Further, the IoT is evolving from single point solutions to more comprehensive systems delivering specific sets of actionable data. This shift is enabling automation in businesses, powering productivity gains and increasing operational effectiveness.

See also: Where Does IoT Exist in the World? Expect the Unexpected.

Here are five examples of how IoT sensors are changing outcomes:

Smart Buildings

IoT sensors support a wide array of applications in buildings, particularly for businesses that provide hard or soft facilities management services.

Flexible working is here to stay and is driving demand for real-time data on who is coming into a building, where they are working, and what rooms they use to allocate services efficiently and conserve energy.

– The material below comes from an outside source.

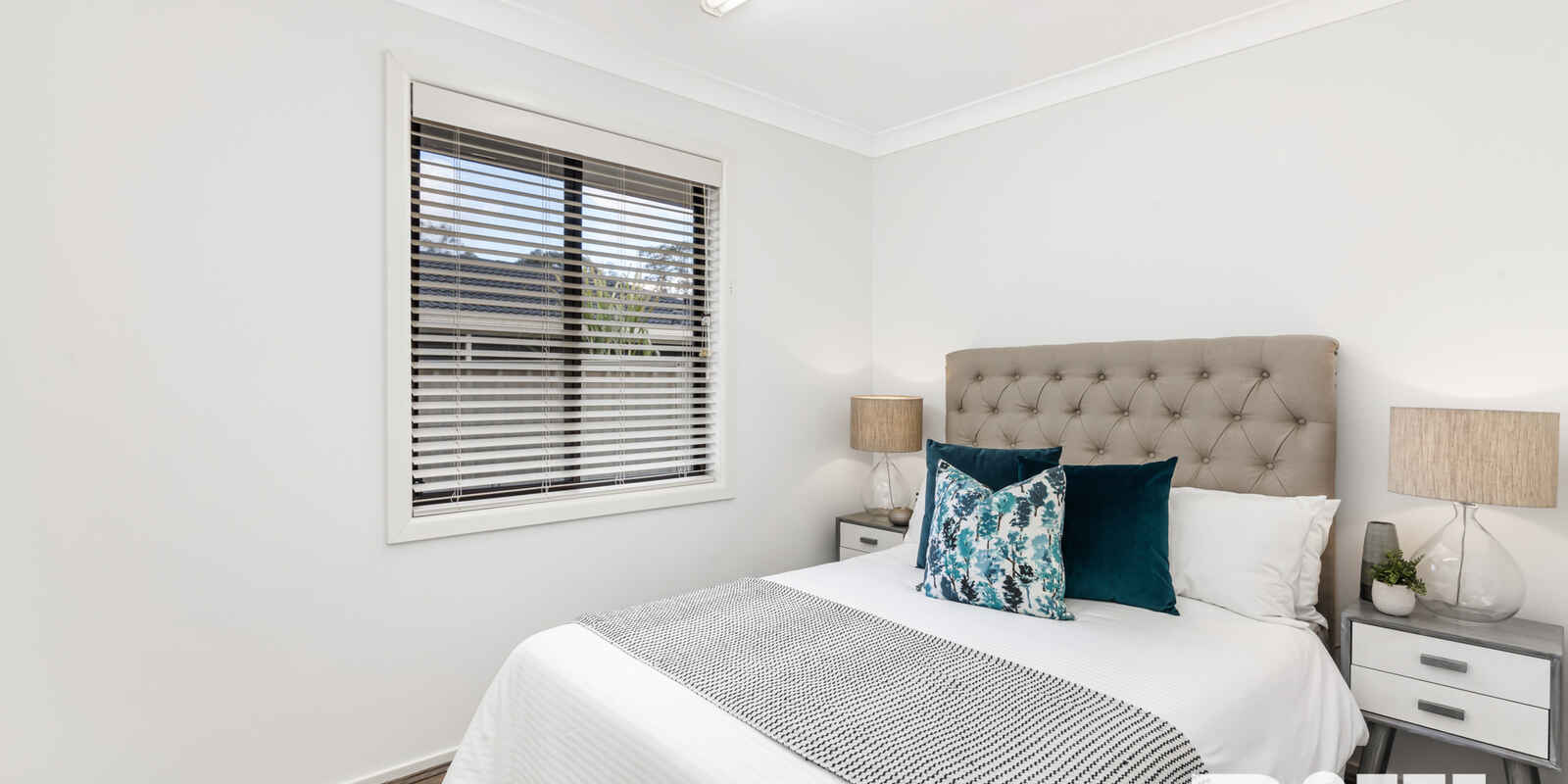 16 Avon Place St Clair 16 Avon Place St Clair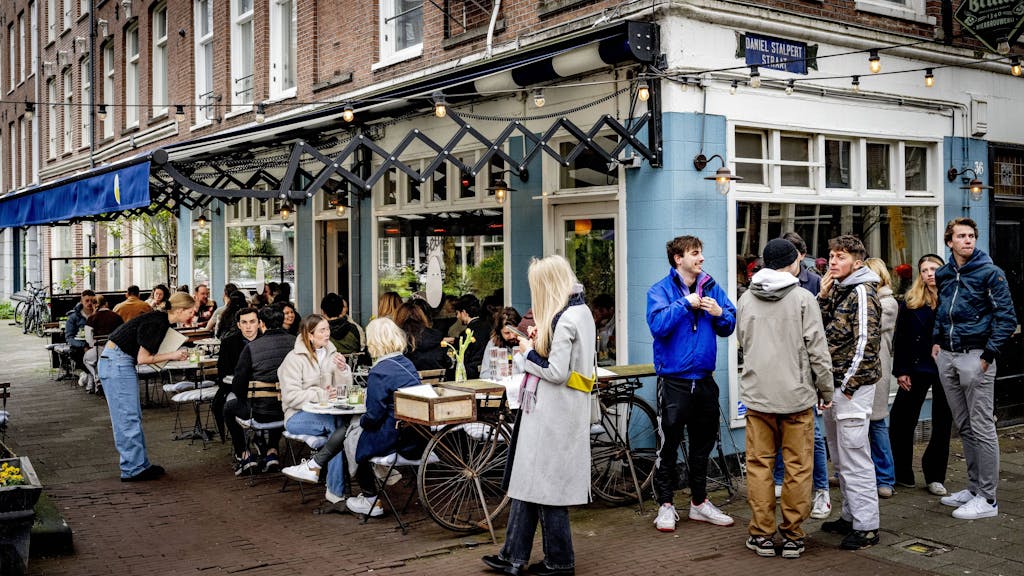 Gäste stehen vor dem Restaurant Oeuf in Amsterdam.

For example, movement and temperature sensors can monitor desk occupancy and room use for collaborative areas such as meeting rooms. This data can be leveraged to drive dynamic scheduling for facilities management teams, giving them real-time information on which areas need cleaning and restocking first. Over time, the data can be used to identify trends and spot patterns in room usage.

Counting door openings or how many people are sitting in a given room does not provide much value on its own. However, when you track it over time, you empower managers, teams, and edge workers to make more informed decisions.

Sensors can also help to monitor a building’s energy consumption and run HVAC systems more efficiently while still maintaining the target temperature.

Rather than enabling a “Big Brother” future, smart buildings provide increased productivity and empower everyone with better information.

See also: Smart Spaces: The Benefits of Energy Harvesting IoT Sensors

Smart Bathrooms

Whether it’s a bustling airport or a coffee shop, the condition of the bathrooms in any business leaves an enduring impression, for better or worse, making them critical to the customer or user experience. It’s widely recognized that input-led cleaning routines and working to fixed schedules are a crude and ineffective way of working, but without sensors, it is impossible to move to a productive, output-led model.

Sensors monitor door openings, and in heavily used washrooms, it can be viable to use sensors to monitor the stock of consumables – soap, toilet paper, and whether the trash needs to be emptied.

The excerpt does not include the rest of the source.